Records supplied: Begin

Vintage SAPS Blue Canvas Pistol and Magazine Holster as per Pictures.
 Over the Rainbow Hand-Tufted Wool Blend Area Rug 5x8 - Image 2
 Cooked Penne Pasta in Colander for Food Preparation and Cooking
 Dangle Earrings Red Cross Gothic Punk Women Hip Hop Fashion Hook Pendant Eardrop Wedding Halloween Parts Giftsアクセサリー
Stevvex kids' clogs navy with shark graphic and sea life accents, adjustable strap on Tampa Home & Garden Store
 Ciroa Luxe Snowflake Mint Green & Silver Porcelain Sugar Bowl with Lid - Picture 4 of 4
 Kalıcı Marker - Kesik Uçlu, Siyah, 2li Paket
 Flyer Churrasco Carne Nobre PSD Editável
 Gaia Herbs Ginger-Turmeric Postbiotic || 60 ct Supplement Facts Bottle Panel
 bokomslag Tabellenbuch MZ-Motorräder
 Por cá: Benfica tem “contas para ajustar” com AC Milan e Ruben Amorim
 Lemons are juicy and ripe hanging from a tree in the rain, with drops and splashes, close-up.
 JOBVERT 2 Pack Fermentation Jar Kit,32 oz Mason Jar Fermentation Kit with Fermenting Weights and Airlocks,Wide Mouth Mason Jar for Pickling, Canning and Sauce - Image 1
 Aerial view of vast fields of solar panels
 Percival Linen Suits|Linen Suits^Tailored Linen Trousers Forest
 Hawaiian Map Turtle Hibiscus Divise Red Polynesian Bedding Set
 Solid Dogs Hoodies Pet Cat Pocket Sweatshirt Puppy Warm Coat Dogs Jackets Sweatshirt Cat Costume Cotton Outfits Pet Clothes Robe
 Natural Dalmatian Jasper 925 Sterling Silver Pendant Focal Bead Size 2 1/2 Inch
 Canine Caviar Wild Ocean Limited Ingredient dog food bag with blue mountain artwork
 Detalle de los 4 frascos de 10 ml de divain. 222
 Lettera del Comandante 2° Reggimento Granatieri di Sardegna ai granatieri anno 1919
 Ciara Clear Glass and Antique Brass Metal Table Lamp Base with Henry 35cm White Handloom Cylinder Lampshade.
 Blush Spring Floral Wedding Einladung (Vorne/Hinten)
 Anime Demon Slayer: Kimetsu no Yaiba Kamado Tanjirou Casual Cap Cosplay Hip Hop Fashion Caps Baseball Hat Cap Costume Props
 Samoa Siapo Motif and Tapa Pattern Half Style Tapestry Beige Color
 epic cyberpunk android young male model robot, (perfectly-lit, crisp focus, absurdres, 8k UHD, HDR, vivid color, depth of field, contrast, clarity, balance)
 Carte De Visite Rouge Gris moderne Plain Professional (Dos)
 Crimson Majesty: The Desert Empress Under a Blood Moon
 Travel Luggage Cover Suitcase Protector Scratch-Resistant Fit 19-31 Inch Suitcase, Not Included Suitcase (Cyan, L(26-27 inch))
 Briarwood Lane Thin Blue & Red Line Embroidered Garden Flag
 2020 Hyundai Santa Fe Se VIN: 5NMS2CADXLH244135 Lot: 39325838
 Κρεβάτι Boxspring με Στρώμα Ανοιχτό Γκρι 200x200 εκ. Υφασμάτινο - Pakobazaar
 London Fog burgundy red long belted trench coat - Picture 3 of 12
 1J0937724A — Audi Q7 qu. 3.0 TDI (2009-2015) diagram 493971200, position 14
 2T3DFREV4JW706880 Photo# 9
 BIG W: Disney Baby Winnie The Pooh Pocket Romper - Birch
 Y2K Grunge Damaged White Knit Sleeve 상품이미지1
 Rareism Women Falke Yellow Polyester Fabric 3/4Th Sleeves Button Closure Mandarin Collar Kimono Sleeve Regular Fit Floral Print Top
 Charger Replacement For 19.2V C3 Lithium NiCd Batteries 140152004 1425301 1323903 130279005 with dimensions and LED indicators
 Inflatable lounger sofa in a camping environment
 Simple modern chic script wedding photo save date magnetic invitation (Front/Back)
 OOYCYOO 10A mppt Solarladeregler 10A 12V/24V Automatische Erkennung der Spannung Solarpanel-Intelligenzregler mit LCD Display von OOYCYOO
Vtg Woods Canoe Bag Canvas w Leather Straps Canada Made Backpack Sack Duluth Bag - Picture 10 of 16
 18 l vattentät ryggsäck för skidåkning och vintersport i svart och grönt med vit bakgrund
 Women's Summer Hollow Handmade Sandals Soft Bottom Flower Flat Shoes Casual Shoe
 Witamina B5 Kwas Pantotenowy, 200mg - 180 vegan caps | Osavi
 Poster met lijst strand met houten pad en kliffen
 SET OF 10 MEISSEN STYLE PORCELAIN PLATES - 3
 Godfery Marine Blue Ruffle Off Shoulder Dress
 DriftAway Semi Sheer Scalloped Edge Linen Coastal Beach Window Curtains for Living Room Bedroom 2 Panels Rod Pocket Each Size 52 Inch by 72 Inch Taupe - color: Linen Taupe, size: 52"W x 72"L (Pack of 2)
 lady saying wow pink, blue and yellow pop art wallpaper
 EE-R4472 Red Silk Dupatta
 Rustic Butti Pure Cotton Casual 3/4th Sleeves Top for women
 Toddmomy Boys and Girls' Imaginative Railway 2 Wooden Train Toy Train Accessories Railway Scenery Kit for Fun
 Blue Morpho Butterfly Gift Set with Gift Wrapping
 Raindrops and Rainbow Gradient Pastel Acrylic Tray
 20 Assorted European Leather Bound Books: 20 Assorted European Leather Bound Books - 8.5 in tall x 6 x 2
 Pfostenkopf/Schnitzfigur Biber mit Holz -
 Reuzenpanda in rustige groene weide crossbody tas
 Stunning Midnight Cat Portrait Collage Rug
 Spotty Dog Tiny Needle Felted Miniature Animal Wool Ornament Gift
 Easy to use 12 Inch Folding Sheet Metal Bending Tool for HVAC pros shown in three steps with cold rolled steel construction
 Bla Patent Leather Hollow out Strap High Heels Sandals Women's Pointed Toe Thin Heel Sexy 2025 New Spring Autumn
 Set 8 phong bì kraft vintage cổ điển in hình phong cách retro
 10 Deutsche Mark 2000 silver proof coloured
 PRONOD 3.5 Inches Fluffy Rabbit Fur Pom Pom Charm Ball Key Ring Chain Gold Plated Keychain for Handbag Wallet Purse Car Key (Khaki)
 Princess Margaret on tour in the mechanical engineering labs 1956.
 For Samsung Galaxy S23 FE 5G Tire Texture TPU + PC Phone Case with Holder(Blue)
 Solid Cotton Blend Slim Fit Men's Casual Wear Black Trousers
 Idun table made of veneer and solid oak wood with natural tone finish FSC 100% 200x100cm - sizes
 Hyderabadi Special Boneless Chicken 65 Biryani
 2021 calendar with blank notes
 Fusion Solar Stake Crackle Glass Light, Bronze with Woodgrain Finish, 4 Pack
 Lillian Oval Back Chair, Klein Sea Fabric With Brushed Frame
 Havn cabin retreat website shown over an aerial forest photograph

Records supplied: End

Your goal
Give back the entries exactly. Omit none of them.

The completed task
Vintage SAPS Blue Canvas Pistol and Magazine Holster as per Pictures.
 Over the Rainbow Hand-Tufted Wool Blend Area Rug 5x8 - Image 2
 Cooked Penne Pasta in Colander for Food Preparation and Cooking
 Dangle Earrings Red Cross Gothic Punk Women Hip Hop Fashion Hook Pendant Eardrop Wedding Halloween Parts Giftsアクセサリー
Stevvex kids' clogs navy with shark graphic and sea life accents, adjustable strap on Tampa Home & Garden Store
 Ciroa Luxe Snowflake Mint Green & Silver Porcelain Sugar Bowl with Lid - Picture 4 of 4
 Kalıcı Marker - Kesik Uçlu, Siyah, 2li Paket
 Flyer Churrasco Carne Nobre PSD Editável
 Gaia Herbs Ginger-Turmeric Postbiotic || 60 ct Supplement Facts Bottle Panel
 bokomslag Tabellenbuch MZ-Motorräder
 Por cá: Benfica tem “contas para ajustar” com AC Milan e Ruben Amorim
 Lemons are juicy and ripe hanging from a tree in the rain, with drops and splashes, close-up.
 JOBVERT 2 Pack Fermentation Jar Kit,32 oz Mason Jar Fermentation Kit with Fermenting Weights and Airlocks,Wide Mouth Mason Jar for Pickling, Canning and Sauce - Image 1
 Aerial view of vast fields of solar panels
 Percival Linen Suits|Linen Suits^Tailored Linen Trousers Forest
 Hawaiian Map Turtle Hibiscus Divise Red Polynesian Bedding Set
 Solid Dogs Hoodies Pet Cat Pocket Sweatshirt Puppy Warm Coat Dogs Jackets Sweatshirt Cat Costume Cotton Outfits Pet Clothes Robe
 Natural Dalmatian Jasper 925 Sterling Silver Pendant Focal Bead Size 2 1/2 Inch
 Canine Caviar Wild Ocean Limited Ingredient dog food bag with blue mountain artwork
 Detalle de los 4 frascos de 10 ml de divain. 222
 Lettera del Comandante 2° Reggimento Granatieri di Sardegna ai granatieri anno 1919
 Ciara Clear Glass and Antique Brass Metal Table Lamp Base with Henry 35cm White Handloom Cylinder Lampshade.
 Blush Spring Floral Wedding Einladung (Vorne/Hinten)
 Anime Demon Slayer: Kimetsu no Yaiba Kamado Tanjirou Casual Cap Cosplay Hip Hop Fashion Caps Baseball Hat Cap Costume Props
 Samoa Siapo Motif and Tapa Pattern Half Style Tapestry Beige Color
 epic cyberpunk android young male model robot, (perfectly-lit, crisp focus, absurdres, 8k UHD, HDR, vivid color, depth of field, contrast, clarity, balance)
 Carte De Visite Rouge Gris moderne Plain Professional (Dos)
 Crimson Majesty: The Desert Empress Under a Blood Moon
 Travel Luggage Cover Suitcase Protector Scratch-Resistant Fit 19-31 Inch Suitcase, Not Included Suitcase (Cyan, L(26-27 inch))
 Briarwood Lane Thin Blue & Red Line Embroidered Garden Flag
 2020 Hyundai Santa Fe Se VIN: 5NMS2CADXLH244135 Lot: 39325838
 Κρεβάτι Boxspring με Στρώμα Ανοιχτό Γκρι 200x200 εκ. Υφασμάτινο - Pakobazaar
 London Fog burgundy red long belted trench coat - Picture 3 of 12
 1J0937724A — Audi Q7 qu. 3.0 TDI (2009-2015) diagram 493971200, position 14
 2T3DFREV4JW706880 Photo# 9
 BIG W: Disney Baby Winnie The Pooh Pocket Romper - Birch
 Y2K Grunge Damaged White Knit Sleeve 상품이미지1
 Rareism Women Falke Yellow Polyester Fabric 3/4Th Sleeves Button Closure Mandarin Collar Kimono Sleeve Regular Fit Floral Print Top
 Charger Replacement For 19.2V C3 Lithium NiCd Batteries 140152004 1425301 1323903 130279005 with dimensions and LED indicators
 Inflatable lounger sofa in a camping environment
 Simple modern chic script wedding photo save date magnetic invitation (Front/Back)
 OOYCYOO 10A mppt Solarladeregler 10A 12V/24V Automatische Erkennung der Spannung Solarpanel-Intelligenzregler mit LCD Display von OOYCYOO
Vtg Woods Canoe Bag Canvas w Leather Straps Canada Made Backpack Sack Duluth Bag - Picture 10 of 16
 18 l vattentät ryggsäck för skidåkning och vintersport i svart och grönt med vit bakgrund
 Women's Summer Hollow Handmade Sandals Soft Bottom Flower Flat Shoes Casual Shoe
 Witamina B5 Kwas Pantotenowy, 200mg - 180 vegan caps | Osavi
 Poster met lijst strand met houten pad en kliffen
 SET OF 10 MEISSEN STYLE PORCELAIN PLATES - 3
 Godfery Marine Blue Ruffle Off Shoulder Dress
 DriftAway Semi Sheer Scalloped Edge Linen Coastal Beach Window Curtains for Living Room Bedroom 2 Panels Rod Pocket Each Size 52 Inch by 72 Inch Taupe - color: Linen Taupe, size: 52"W x 72"L (Pack of 2)
 lady saying wow pink, blue and yellow pop art wallpaper
 EE-R4472 Red Silk Dupatta
 Rustic Butti Pure Cotton Casual 3/4th Sleeves Top for women
 Toddmomy Boys and Girls' Imaginative Railway 2 Wooden Train Toy Train Accessories Railway Scenery Kit for Fun
 Blue Morpho Butterfly Gift Set with Gift Wrapping
 Raindrops and Rainbow Gradient Pastel Acrylic Tray
 20 Assorted European Leather Bound Books: 20 Assorted European Leather Bound Books - 8.5 in tall x 6 x 2
 Pfostenkopf/Schnitzfigur Biber mit Holz -
 Reuzenpanda in rustige groene weide crossbody tas
 Stunning Midnight Cat Portrait Collage Rug
 Spotty Dog Tiny Needle Felted Miniature Animal Wool Ornament Gift
 Easy to use 12 Inch Folding Sheet Metal Bending Tool for HVAC pros shown in three steps with cold rolled steel construction
 Bla Patent Leather Hollow out Strap High Heels Sandals Women's Pointed Toe Thin Heel Sexy 2025 New Spring Autumn
 Set 8 phong bì kraft vintage cổ điển in hình phong cách retro
 10 Deutsche Mark 2000 silver proof coloured
 PRONOD 3.5 Inches Fluffy Rabbit Fur Pom Pom Charm Ball Key Ring Chain Gold Plated Keychain for Handbag Wallet Purse Car Key (Khaki)
 Princess Margaret on tour in the mechanical engineering labs 1956.
 For Samsung Galaxy S23 FE 5G Tire Texture TPU + PC Phone Case with Holder(Blue)
 Solid Cotton Blend Slim Fit Men's Casual Wear Black Trousers
 Idun table made of veneer and solid oak wood with natural tone finish FSC 100% 200x100cm - sizes
 Hyderabadi Special Boneless Chicken 65 Biryani
 2021 calendar with blank notes
 Fusion Solar Stake Crackle Glass Light, Bronze with Woodgrain Finish, 4 Pack
 Lillian Oval Back Chair, Klein Sea Fabric With Brushed Frame
 Havn cabin retreat website shown over an aerial forest photograph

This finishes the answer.